A 'Dolce Vita' inspired trains, full of 60s Italian verve have been commissioned to excite a new generation of traveller onto the rails.
The carriages and compartments still command a premium price tag, however within them you'll find geometric shapes and some seriously groovy patterns.
As rail travel experiences an eco-conscious renaissance the Italian tourism is looking to cash in on the boom. At €2000 or $3,330 a night, it's an experience for a passenger with very deep, paisley-lined pockets.
The Milanese design studio Dimorestudio has been commissioned to produce six trains. Each of the trains will contain 12 deluxe cabins, 18 suites and a dining carriage serving up Italian haute cuisine.

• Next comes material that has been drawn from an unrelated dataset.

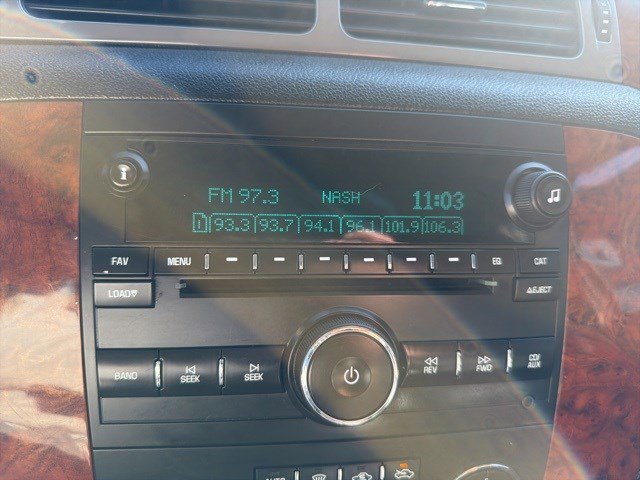 Used 2009 Chevrolet Silverado 1500 LTZ w/ Safety Package AWD/4WD image 23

The trains which are due to come online in 2023 will be run on a route through the High Alps into Italy's northern lakes, through Milan, Florence and Rome.
International itineraries will be taking passengers from Paris through the Mediterranean, Croatia into Turkey Istanbul.

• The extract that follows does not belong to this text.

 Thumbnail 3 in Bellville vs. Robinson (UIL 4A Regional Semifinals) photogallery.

The train and its journeys are aiming to evoke "a historical period of glamour, joie de vivre and artistic fervour in Italy during the 1960s."
"We will take travelers to discover new itineraries, to unique places where they will be able to live a 'Made In Italy' experience with a warmth entirely our own," says Paolo Barletta, CEO of Arsenale.
Stephen Alden CEO of Orient Express for Accor, says the project intends to bring the "spirit of Orient Express back to life for a new generation of travellers."
This isn't the first redux of the dapper intercontinental train.
Earlier this year American film director Wes Anderson was invited to cast his own quirky take on the storied sleeper train, with a pleasingly symmetrical art directed carriage.
Anderson's 1950s Cygnus carriage design was another reimagining of the train for a different era. Featuring silver-plated swans, and a garish colour pallet of pink, mint and burnt umber - it was a project to delight both cinemaphiles and trainspotters.